Indicator 4.5: "Knowledge of prevention of mother to child transmission of HIV"
The percent of respondents who report that maternal to child transmission of HIV can be prevented through anti-retroviral therapy during pregnancy and avoiding breastfeeding.
UNAIDS general population survey; DHS AIDS module; FHI BSS; MICS (UNICEF).
What It Measures
This indicator looks at whether women and men know of methods to prevent the transmission of HIV from mother to child. In this field as in the field of prevention of sexual transmission, knowledge is a prerequisite for decision-making and intervention, although by no means sufficient to ensure it.
This indicator measures people's knowledge of methods to prevent transmission from mother to child through anti-retroviral therapy and by avoiding breastfeeding.
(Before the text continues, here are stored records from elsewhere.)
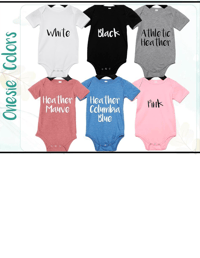 custom 12 month onesies 
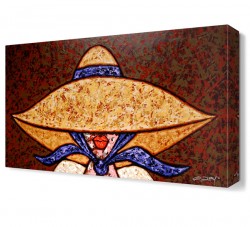 Büyük Şapkalı Kadın Tablosu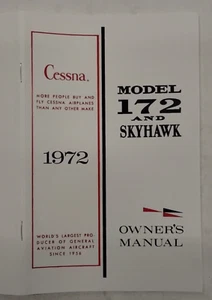 Cessna 1972 Model 172L & Skyhawk Owner's Manual-Reproduction - Picture 1 of 24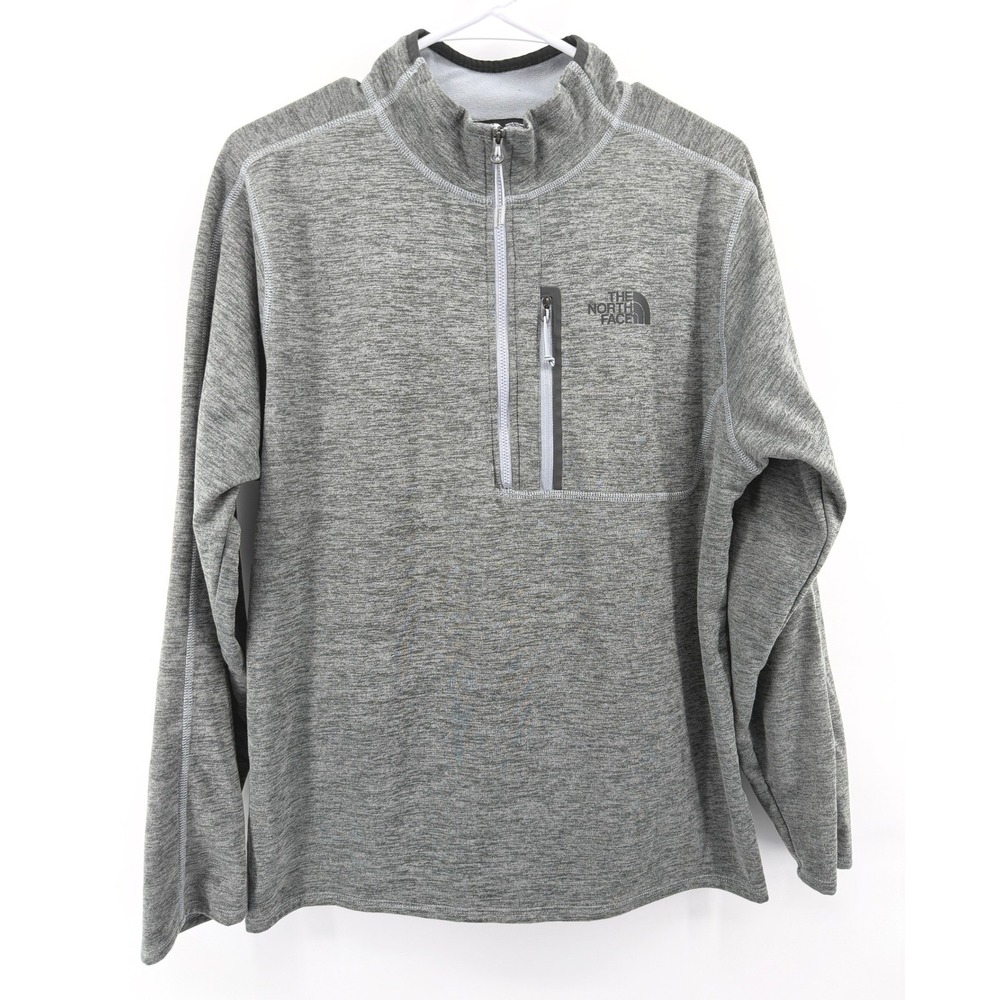 North Face Canyonlands 1/2 Zip Fleece Pullover Men L Gray Preppy Outdoor Gorp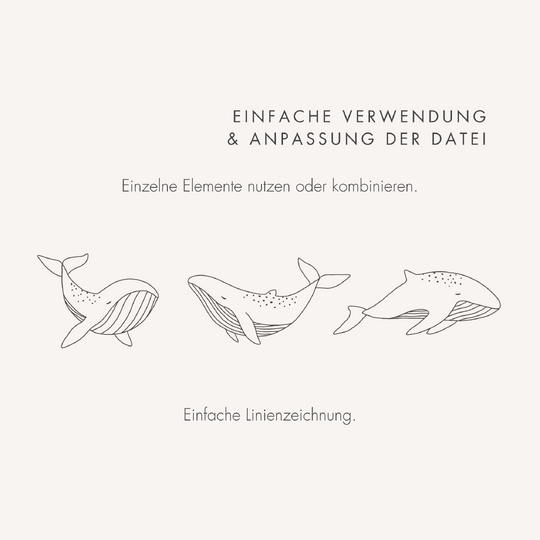 Plotter- und Laserdatei "WAL" - liebevoll gestaltete Zeichnung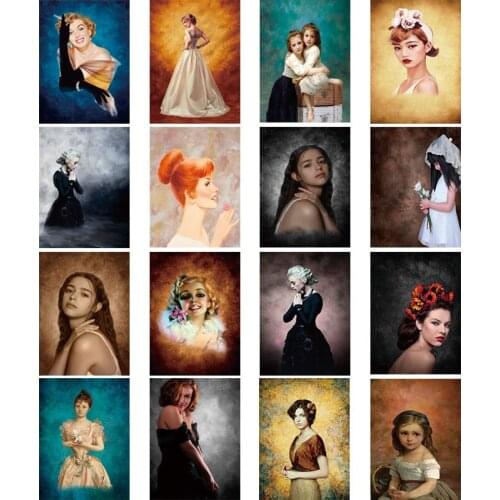 SHENGYONGBAO Vintage Gradient Photography Backdrops Props Brick Wall Wooden Floor Baby Portrait Photo Backgrounds 210125MB-58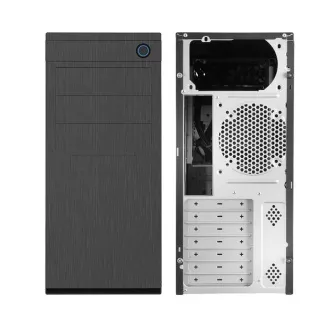 CHIEFTEC skříň Elox Series HC-10B, Miditower, USB 3.0, Black with Hair brush design front panel, bez zdroje CHIEFTEC skříň Elox Series HC-10B, Miditower, USB 3.0, Black with Hair brush design front panel, bez zdroje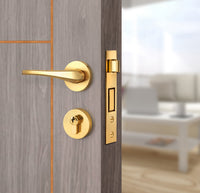 Arctic Ash Interior Double Door Slabs - Scala 1 Concave Design in Copper Pearl epoxy, angled view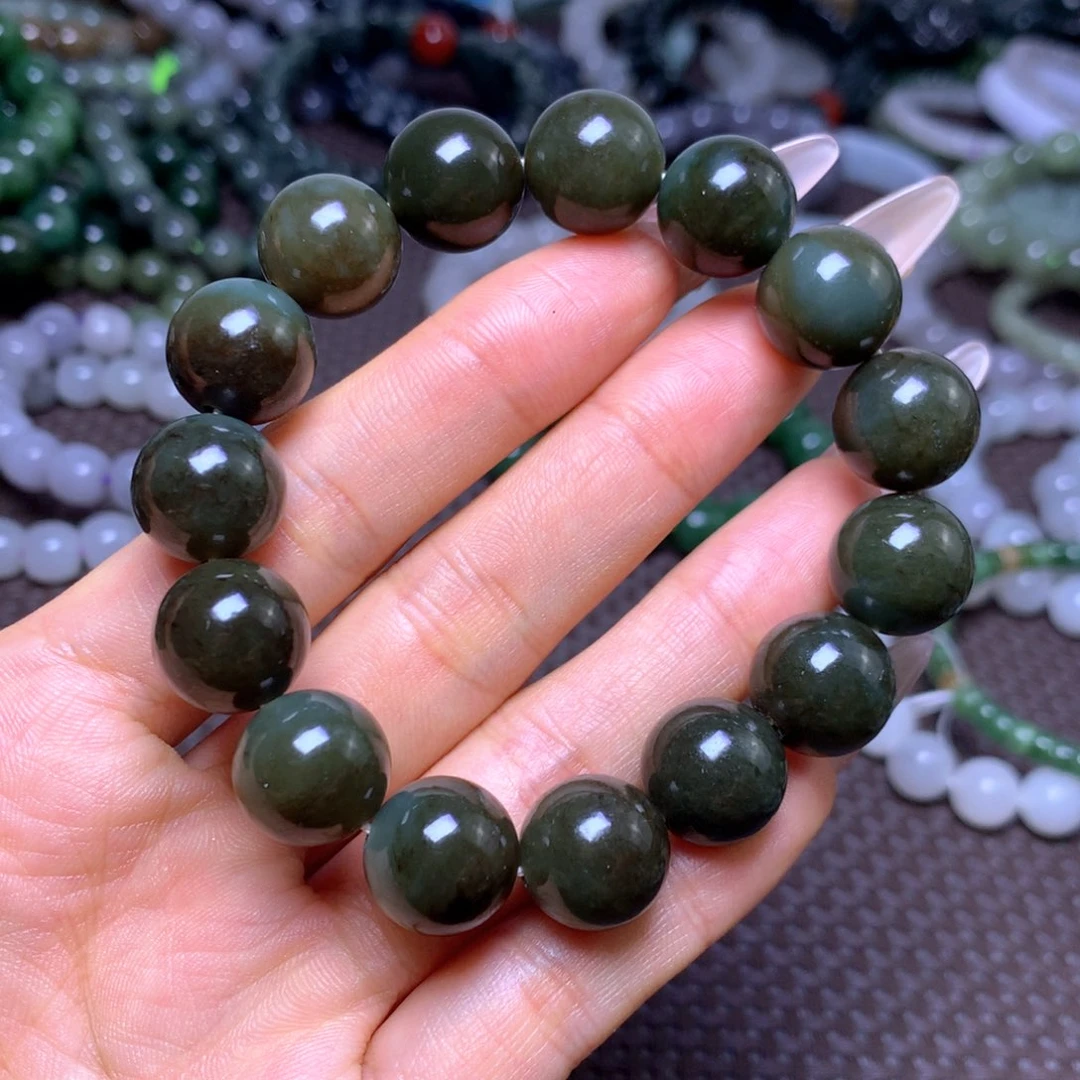 和田玉未镶嵌手串卡14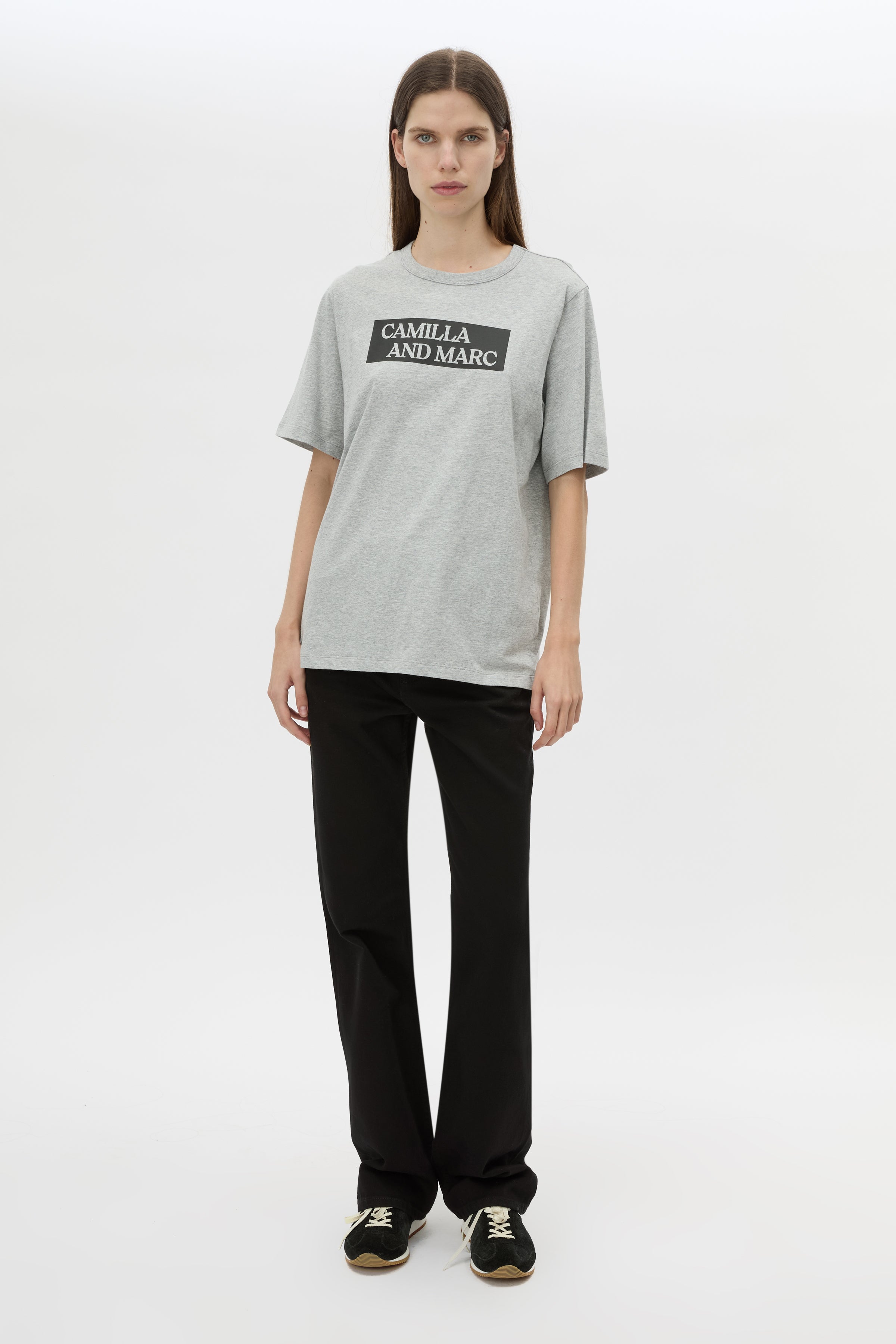 Carmont Graphic Tee - Grey Marle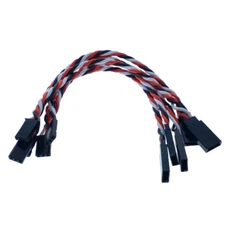 (5) Futaba Servo Extension Leads with 15CM Heavy Duty Twisted 20awg Wire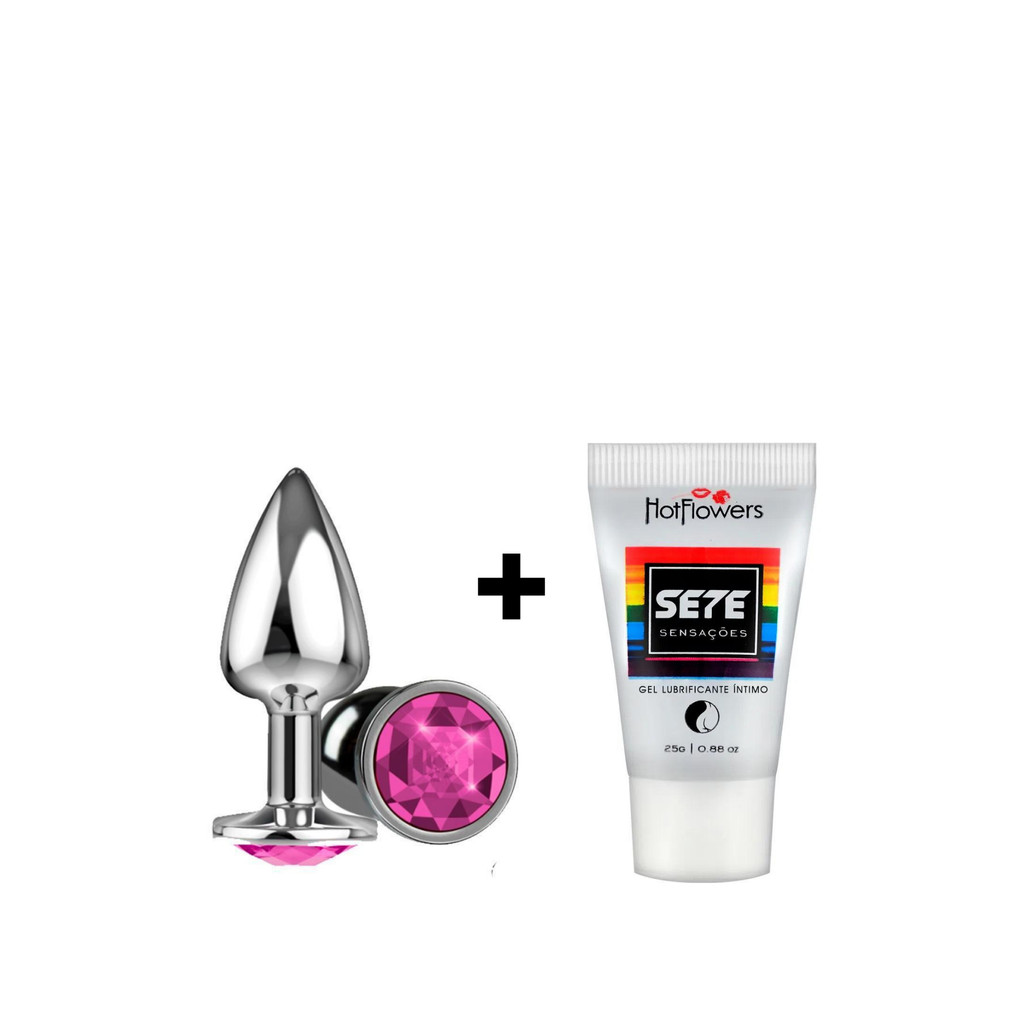 Kit Plug Anal P e Gel Anal Sete Sensações Shopee Brasil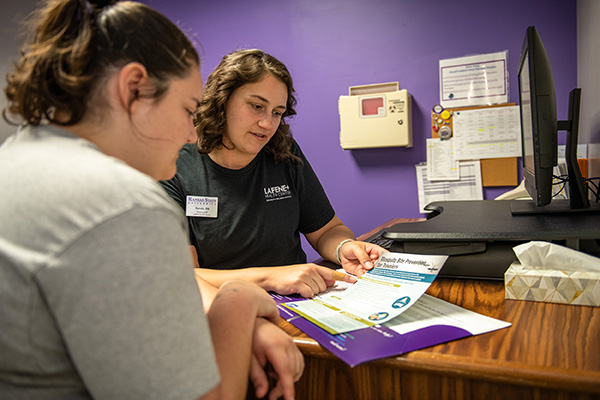 Nurse providing travel consult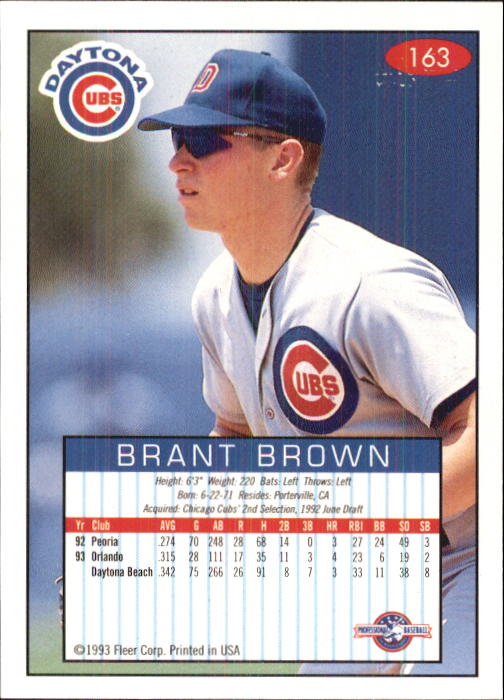 1993-94 Excel (Fleer) Minor League Baseball "Main Set" Cards #151 to #300 - Picture 27 of 299
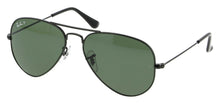 Load image into Gallery viewer, Ray-Ban RB3025 002/58 Polished Black Aviator G-15 Green Polarized 55-14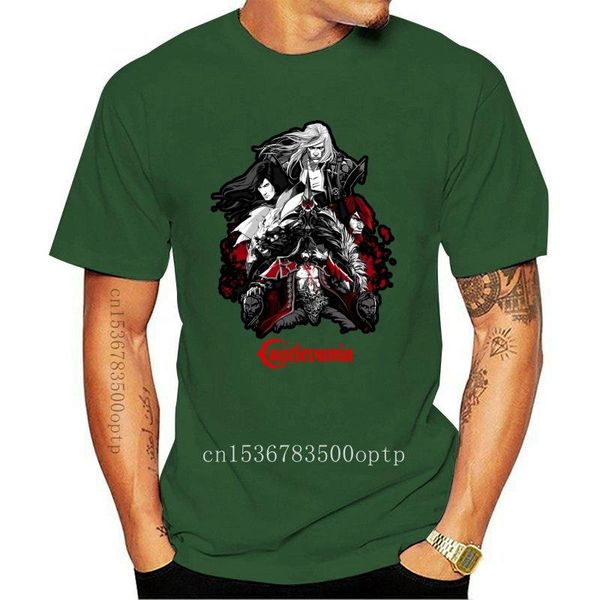 

men's t-shirts men castlevania humor pure cotton tee shirt short sleeve vampires horror hunting 70s 80s game anime t shirts plus size, White;black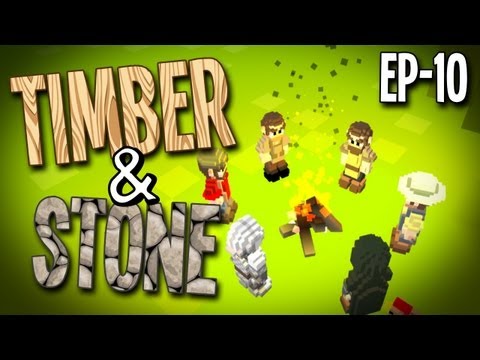 Timber and Stone Episode 10 - "Generikb the BEST Miner I've Ever Seen!!"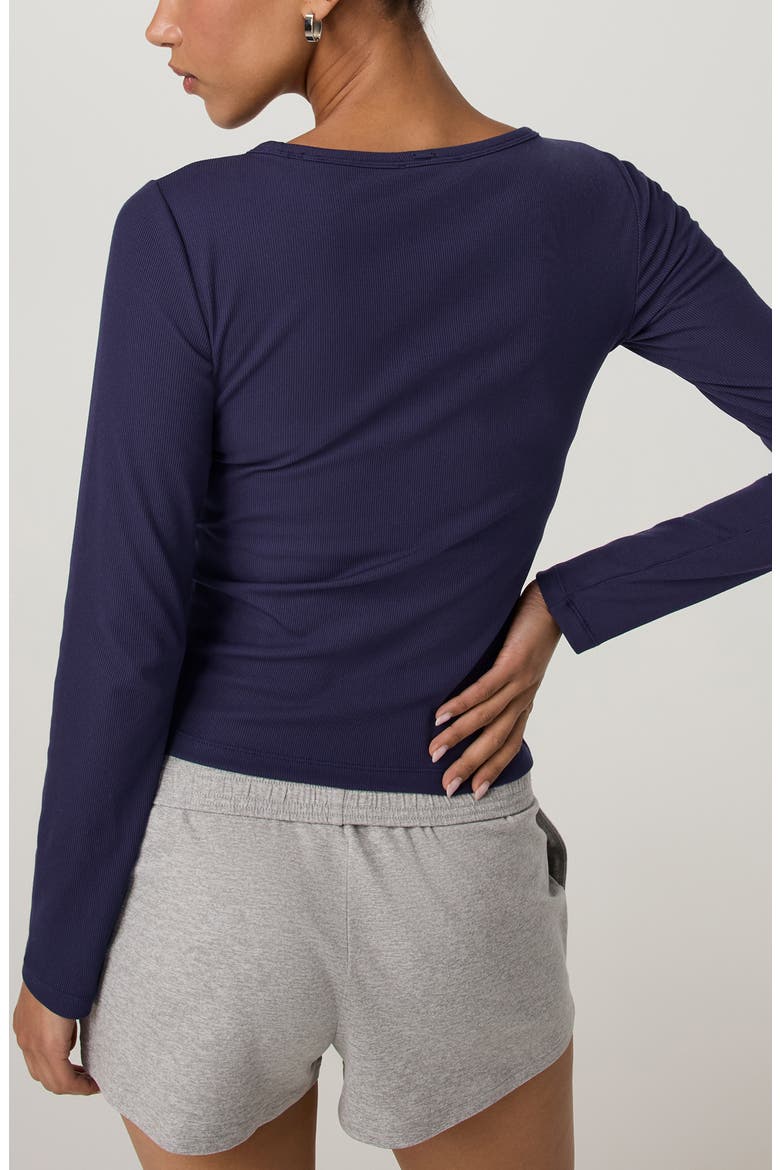 Pose Long Sleeve T-Shirt, Alternate, color, VELVET VIOLET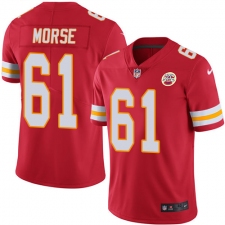 Men's Nike Kansas City Chiefs #61 Mitch Morse Red Team Color Vapor Untouchable Limited Player NFL Jersey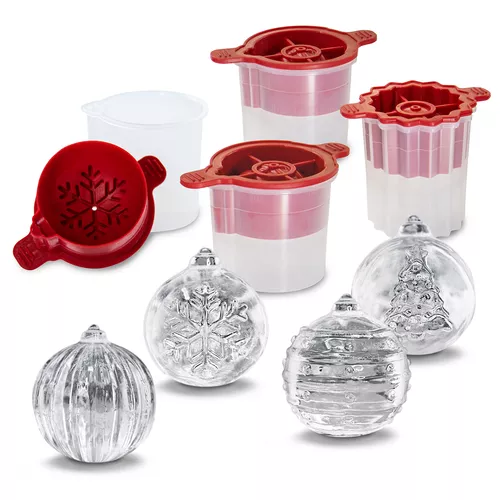Tovolo Ornament Ice Sphere Molds, Set of 4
Men's knowledge in this area is also important, not least because in many societies men dominate decisions about family formation and childbearing, so the indicator is constructed for both sexes. Since most IEC campaigns in this area are aimed at women, programme managers will want to monitor their effectiveness by disaggregating the indicator by gender.
How to Measure It
Respondents in a population survey are asked a series of questions about the transmission and prevention of HIV (see Knowledge Indicators 1 and 2). Among these are questions about whether HIV can be transmitted from mother to child, and about means of preventing mother to child transmission.
The indicator is the number of respondents who say that HIV transmission from women who have tested HIV positive can be prevented by the mother taking drugs during pregnancy, and by the mother avoiding breastfeeding, divided by the total number of respondents to the survey.
Strengths and Limitations
This indicator presupposes that efforts are being made to educate women about maternal to child transmission of HIV, and that information about prevention forms part of that education.
The indicator does not distinguish in its denominator between those who know about maternal to child transmission and those who do not, since people who do not know that it can be prevented are definitely among those who have not been reached with information about prevention methods. The questioning sequence does, however, allow countries to construct an indicator of knowledge about HIV transmission from mother to child should they wish.
It is the knowledge that transmission from mother to child can be prevented that is likely to shape women's care-seeking and breastfeeding behaviour. A pregnant woman who simply knows that HIV can be passed on to her child is less likely to seek to know her HIV status than a pregnant woman who knows that transmission of HIV to her child can be avoided.
In many countries in Latin America and elsewhere, the demand for prevention has driven a radical improvement in service provision for pregnant women with HIV. Such a demand cannot arise unless people know that therapy exists and can be effective in reducing transmission of HIV to infants.